This is a cool website from Brussels (STIB) which teaches kids how to ride the transit system. It is only in french but I put it through google translate which is decent. Check it out.
Does anyone know how high the elevation will be on the B2M preferred alternative on East Link (the part between I-90 & the P&R?) I went out there today to look around, and stroll around the Slough. Given the ongoing background noise from the interstates and cars on Bellevue Ave, complains about noise in that section seem baseless. If the route is elevated enough to allow cars underneath to the P&R, it would impinge upon the views from the nearby houses, which doesn’t invalidate that choice of alignment, but we should acknowledge that a handful of people have a legitimate aesthetic complaint.
Where is most of the guff about B7 coming from? Further north from Surrey Downs or from the section I mention above? I didn’t get all the way up there so I have no particular thoughts about it.
How much money/clout do the B7 people have? Provided ST does their due diligence, how much of a legal fuss can they make?
Bruce,
I think bottom of the guideway will be at least 15 feet tall as buses have to get underneath also. If there is a mezzanine for fare vending machines, then you might be looking for something on the order of a Tukwila International Blvd Station. If not, perhaps something as high as Mount Baker Station. If that helps.
Bye
Adiós
I think I finally figured out what was funded by the high-speed rail stimulus money. The amount is just short of what’s needed for “Block 2” of the track 2 application, short by about 200 million. Not coincidentally, I hear no plans for 18 new locomotives, or for four new trainsets. Therefore I surmise that all of the heavy construction for Block 2 got approved, but less in the way of new trains. It appears that they still plan to run the two additional services in block 2, but I guess perhaps they will limp along with older equipment until they get more funding.

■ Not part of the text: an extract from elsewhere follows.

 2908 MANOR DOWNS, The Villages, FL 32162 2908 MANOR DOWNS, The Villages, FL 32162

Here’s a detailed list of all Amtrak Cascades projects being funded by ARRA:
http://www.wsdot.wa.gov/Funding/stimulus/passengerrail.htm
Uh, yes, that page is actually incredibly vague on exactly what got funded, but it is where I got my information. There is *no* detailed list of what projects got funded, only a detailed list of what projects *applied* for funding.

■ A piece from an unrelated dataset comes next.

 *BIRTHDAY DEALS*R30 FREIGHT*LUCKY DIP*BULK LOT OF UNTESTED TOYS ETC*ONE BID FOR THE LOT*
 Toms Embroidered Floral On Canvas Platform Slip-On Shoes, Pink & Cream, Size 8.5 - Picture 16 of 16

I’ve been poking about at the links within it to come to my conclusion.
FYI, I’m drawing my conclusion from the fact that practically all the infrastructure projects seem to have been mentioned as actually having been started, and a rough ballpark estimate of the cost of locomotives.
Or the new Oregon trainsets are sufficient to run the new services, at least for the near term.
Has anyone seen this? It’s a mildly interesting series of short posts about freeways that were never built and freeways that torn out. It mentions Seattle’s Thompson Expressway.
http://www.slate.com/id/2278883/
It’s very skin-deep, and is mostly useful as an index for further reading.
I certainly apologise if this has been linked here prior.
Insanity. I take a car to a parking lot which is half a mile away, then have to wait for a bus, to take me to a station to wait for a train. Of course no one wants to park there. It eliminates all the convenience of just parking your car and getting on the train.
Start charging $2-$5 per day for the parking 364 spots next to the station. Add way finding signs and any pedestrian amenities needed between the leased lots and the station along with possible improvements to PT routes in the area. Do NOT add any special shuttles.
Ideally, the pedestrian corridors would route people past downtown retail businesses although that route appears a little longer.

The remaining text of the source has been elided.